Use Application Test Execution to run Apex tests and automated flow tests from Setup and read the results in the browser. This is the manual, point-and-click path, best for ad hoc checks and namespace-scoped runs.
- Open the page
From Setup, type Application in the Quick Find box and select Application Test Execution. The page lists any recent run and a button to start a new one.
- Select the tests
Click Select Tests. Use the namespace dropdown to choose [My Namespace], a specific managed package namespace, or [All Namespaces], then check the test classes you want to run.
- Decide on coverage
Leave Skip Code Coverage unchecked for a true coverage reading before a release. Check it only when you want a faster pass or fail signal during debugging.
- Run and monitor
Click Run. Watch the live counts of passed and failed methods. Tests run in parallel by default; select running tests and click Abort if you need to cancel.
- Inspect results
Click any test to open its details, including the stack trace for a failure, or click View to see the source Apex.
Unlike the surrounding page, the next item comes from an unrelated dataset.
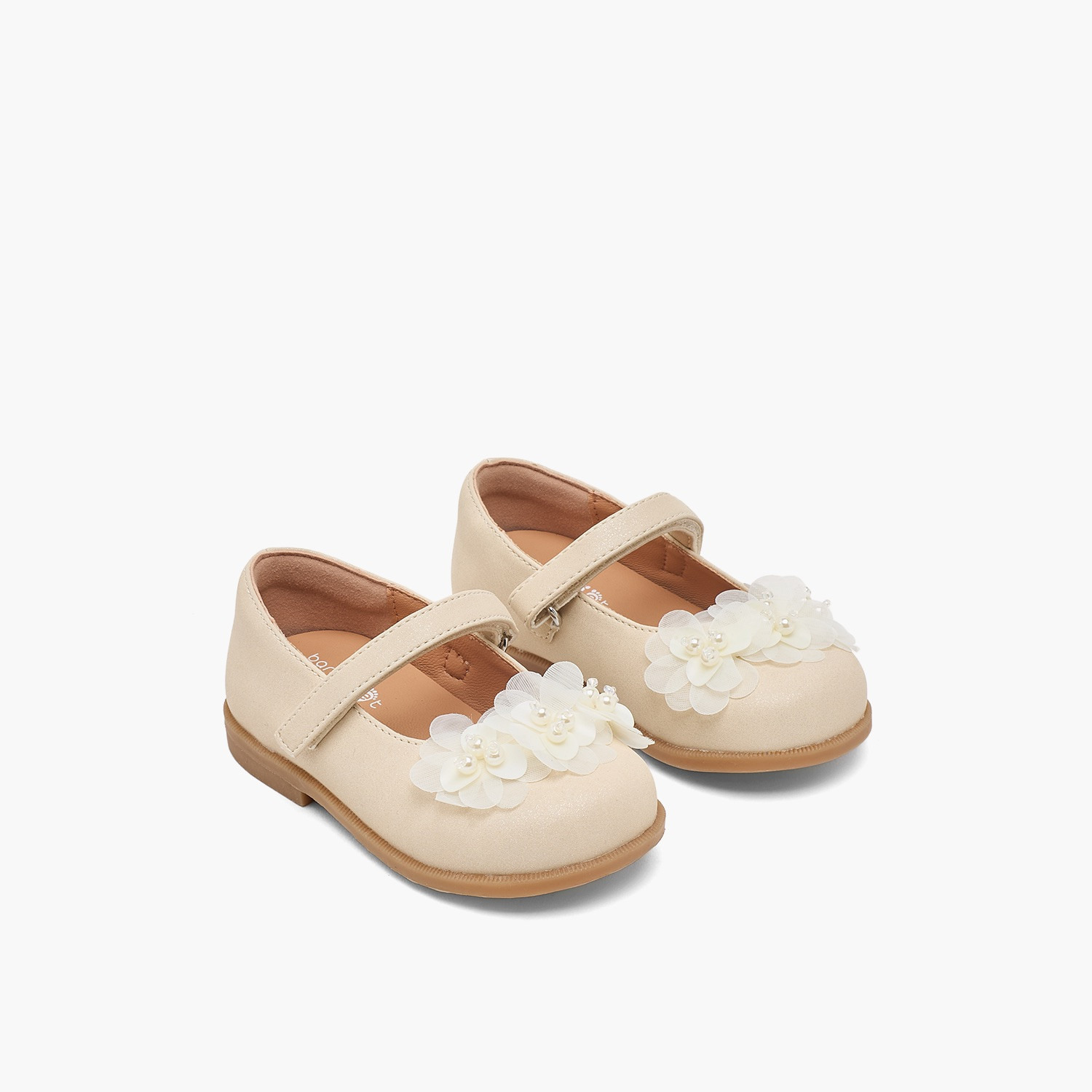 Barefeet Girls Floral Applique Mary Jane Shoes-girls-shoes-ballerinas-image-1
Results stay on the page for about 60 minutes.
Filters the test list to local classes, one managed package, or every visible namespace. The key control for package-scoped runs.
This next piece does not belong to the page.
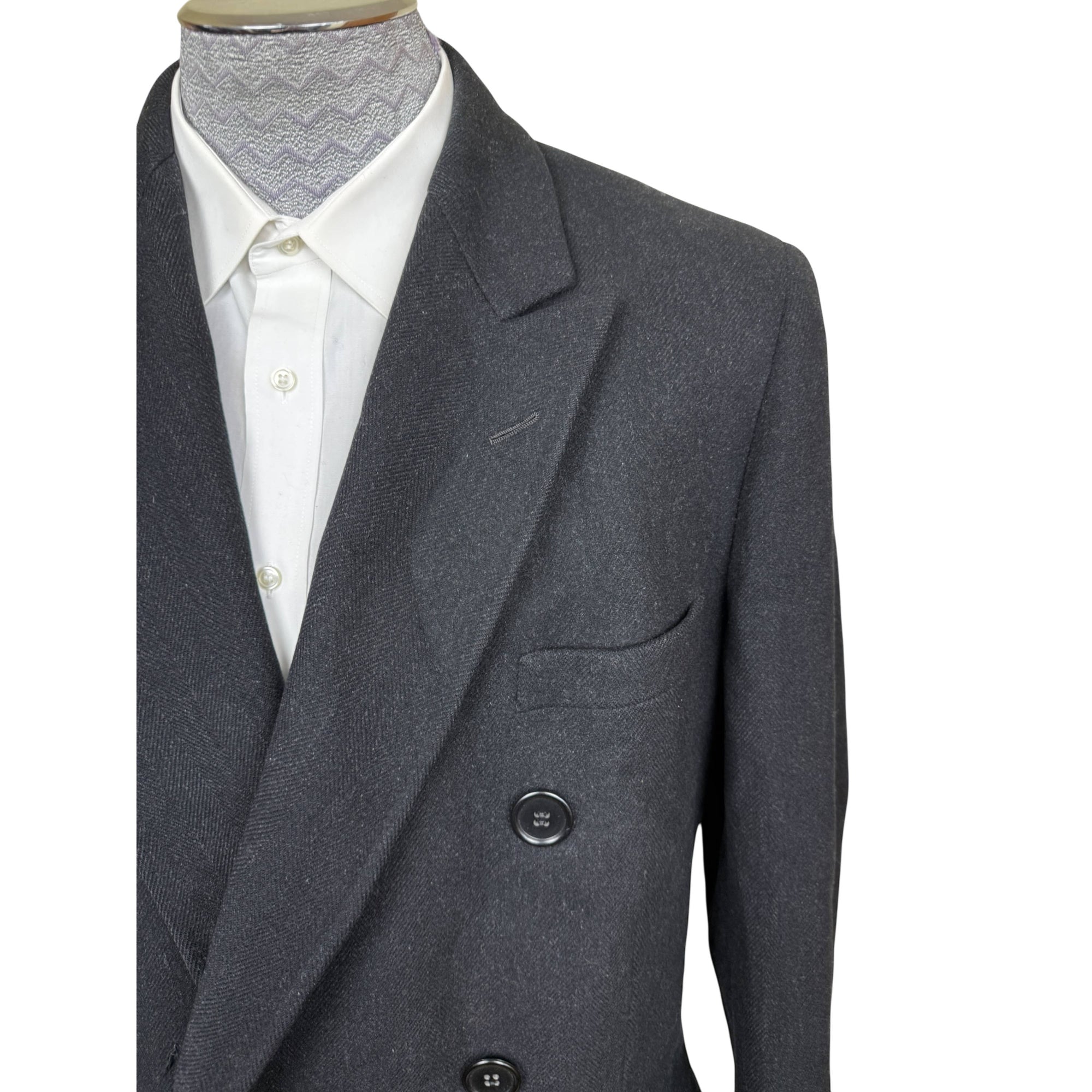 Close up of lapel on 1962 wool overcoat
Runs the selected tests without computing code coverage. Faster, but it will not tell you whether you meet the 75 percent deploy gate.
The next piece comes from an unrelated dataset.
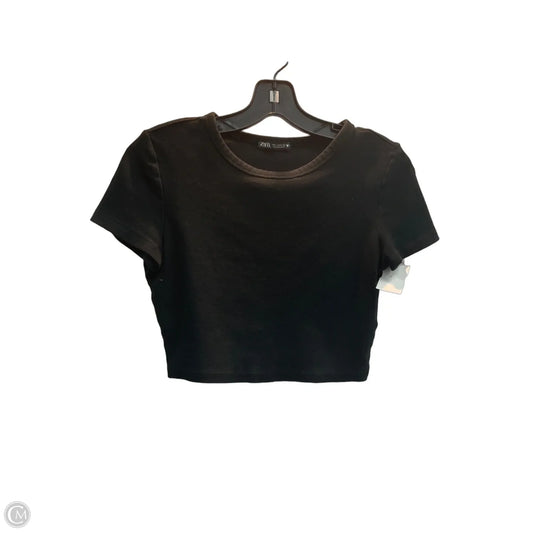 Top Short Sleeve Basic By Zara In Black, Size: M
Cancels selected tests while a run is in progress, useful when a parallel run stalls or you launched the wrong set.
Opens the source Apex behind a selected test result so you can read the code without leaving the page.
- A green pass rate is not the same as deploy readiness. Production deploys still require at least 75 percent overall Apex code coverage with all tests passing.
- Only flow tests built with automated flow testing in Flow Builder appear here. A flow with no saved test definitions will not show up.
- Live results clear after about 60 minutes. For older runs and durable inspection, use the Application Test History page.
- Parallel execution can cause intermittent failures when two tests share the same data. Fix the data setup rather than only disabling parallel runs.